10 Years Later, Nintendo’s Most Underrated Platformer Is Still A Step Above The Rest
Donkey Kong has had a long and fruitful career as a mainstay of Nintendo’s playable menagerie.
Donkey Kong has had a long and fruitful career as a mainstay of Nintendo’s playable menagerie. After early rounds of spaceships and generic cowboys, DK was the first named character of Nintendo’s modern era, one that now boasts the most valuable stable of I.P. this side of Disney. But it was his Donkey Kong Country games, first developed by Rare and then Retro Studios, that gave him a franchise of his own to run and jump through. Since the first in 1994, there have only been five games in the series (not counting Game Boy ports or remakes which included some unique content). The last, 2014’s Donkey Kong Country: Tropical Freeze, is inarguably the high point of the series, and is maybe the finest 2D platformer in that genre’s long and lustrous history.
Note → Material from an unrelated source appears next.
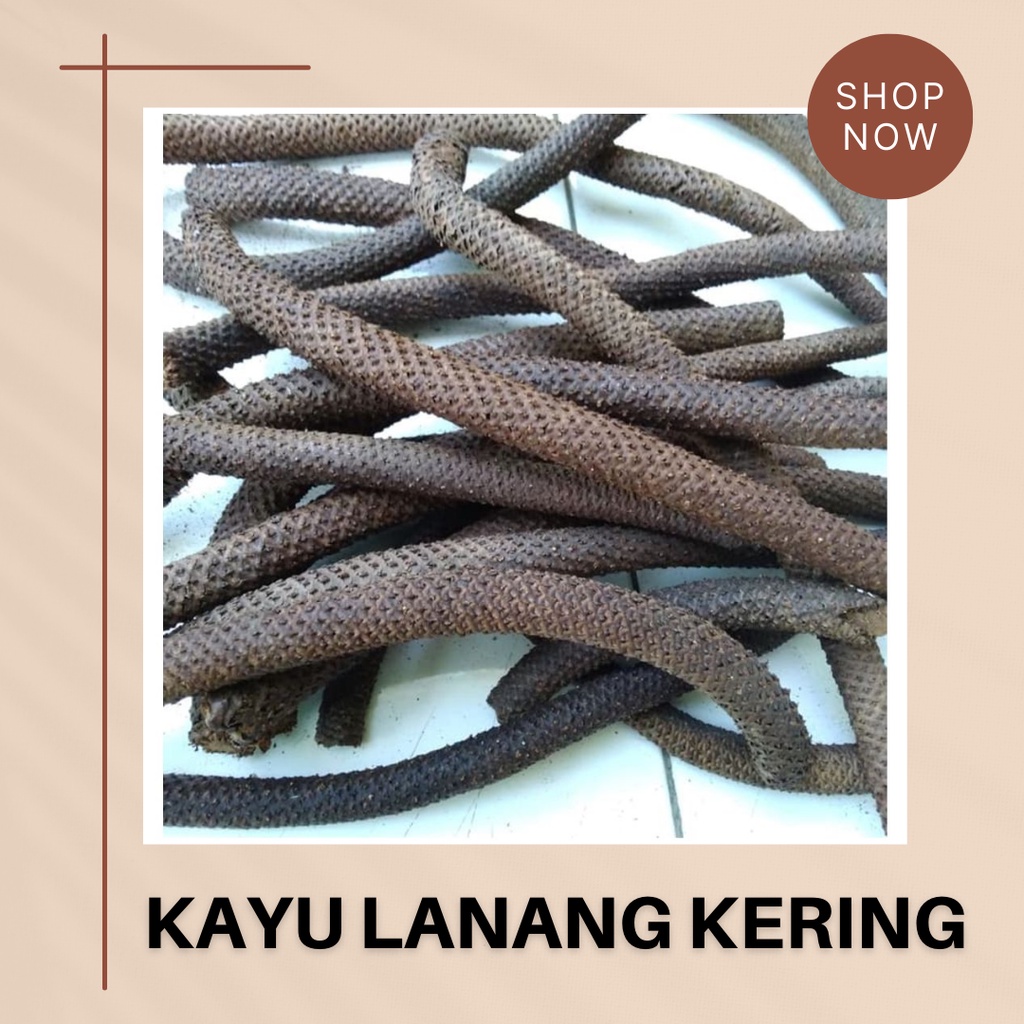 Kayu Lanang Kering Herbal Premium 1 kg & 500 gr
Most platformers give you a small, lithe avatar to bounce around a collection of ever-harder levels. From Mario to Sonic, the independent icons of Super Meat Boy and Celeste to Prince of Persia, each offers control over a dexterous character with hyper maneuverability. Mario’s jump physics have been exhaustively broken down; Celeste’s mountain-climbing protagonist started life as a Pico-8 game, where pixel size required her to be miniature in stature. The eponymous Prince’s movement was an evolution of Jordan Mechner’s early work using rotoscope animation of his father in Karateka.
What makes the Donkey Kong Country games unique, and Tropical Freeze in particular, is the stature and weight of the titular character. Kong is big. He’s strong. He has gravity. It takes a while for him to moving. When he jumps you see him slapping the ground with his hands to help thrust his body up into the air. There’s a graceful effort behind his movements that gives his eventual momentum an earned quality; imagine a domino you had to push with all your might to topple. Compare this to Sonic, the “blue blur” who spins into a whirling dervish in microseconds, is to compare the majesty of a hulking Boeing 777x to a paper airplane caught in an updraft.
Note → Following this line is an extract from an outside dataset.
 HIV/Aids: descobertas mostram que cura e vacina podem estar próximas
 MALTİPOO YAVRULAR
Everything in Tropical Freeze, from the level design to the soundtrack by composer David Wise, takes its cues from this idea: That DK is a giant, agile, beast. This is no plumber running around with a raccoon tail stitched to his overalls. This is a creature that, if you saw it barreling toward you in a jungle, you would run from in terror. He lopes across blazing grasslands. He plummets into water like a dropped boulder. When he pounds his fists onto the ground, he smashes wood and cracks cement; when he grabs onto a handle and pulls, it’s not like flipping a switch; you hold the button and you see Kong straining, only to finally succeed and unearth an entire tree from the earth.
Nowhere do you feel the satisfaction of DK’s heft better than in the mine cart levels, which have for some reason become synonymous with the big ape (who, for all I can tell, has never had to work underground). The runaway cart rolls with inexorable speed. When you jump and the cart lands back on the metal rails, sparks fly. My high school-level Physics knowledge tells me why: Force equals Mass times Acceleration. The bigger the mass, the greater the force.
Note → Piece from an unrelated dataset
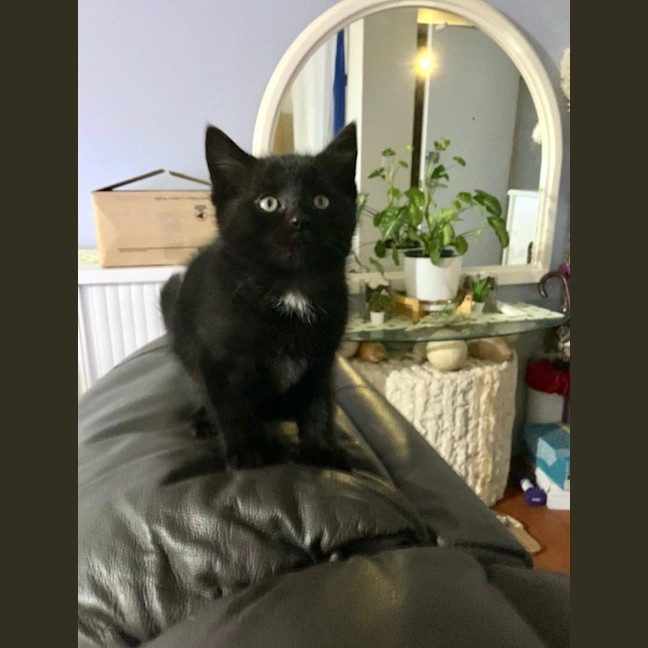 Photo of Midnight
The Donkey Kong Country games have always felt more of a piece than its predecessor Mario’s 2D adventures. Whereas Mario hops between arbitrary worlds based on this or that element, Donkey Kong’s country feels rooted in a wild animal’s habitat. The best levels in Tropical Freeze emphasize this. If it’s been a decade since you last booted it up, open your save file and jump to Grassland Groove, the first level in World 3’s Bright Savannah. The lowering sun floods your vision while Kong tramples across the screen, scored by percussion and chants redolent of The Lion King’s best moments. Baobab trees sway in time with the music. By the end, while you jump across a sequence of paper-mache giraffe heads and clutch at swaying, grass-covered platforms in the shape of serpent’s heads, you’ll realize Mario has rarely if ever touched this level of heightened yet organic design.
It’s only a shame the original platform hero – Donkey having been the named, eponymous star of his own game in 1981, two years before Mario Bros. came out in the arcades and on Famicom in 1983 – has gotten short shrift compared to his shorter, more generic counterpart.
This year sees an addition to Super Nintendo World, featuring Donkey Kong and his iconic Mine Cart. That the big ape is Nintendo’s second installment in their major theme park initiative tells you how central he is to their mainstream popularity and the history of their modern era as a video game company. That they’ve let a decade pass since the last new star-turn for their first known character is a disappointment bordering on blasphemy. Rumor has it Nintendo may be remastering Tropical Freeze’s predecessor, Donkey Kong Country Returns, for release on the Switch system this year. Or even releasing a brand-new installment on the inevitable Switch successor. Now’s the perfect time to fire up the old Wii U (or grab the Switch port) and roll through some of the finest, funkiest 2D platforming levels ever created.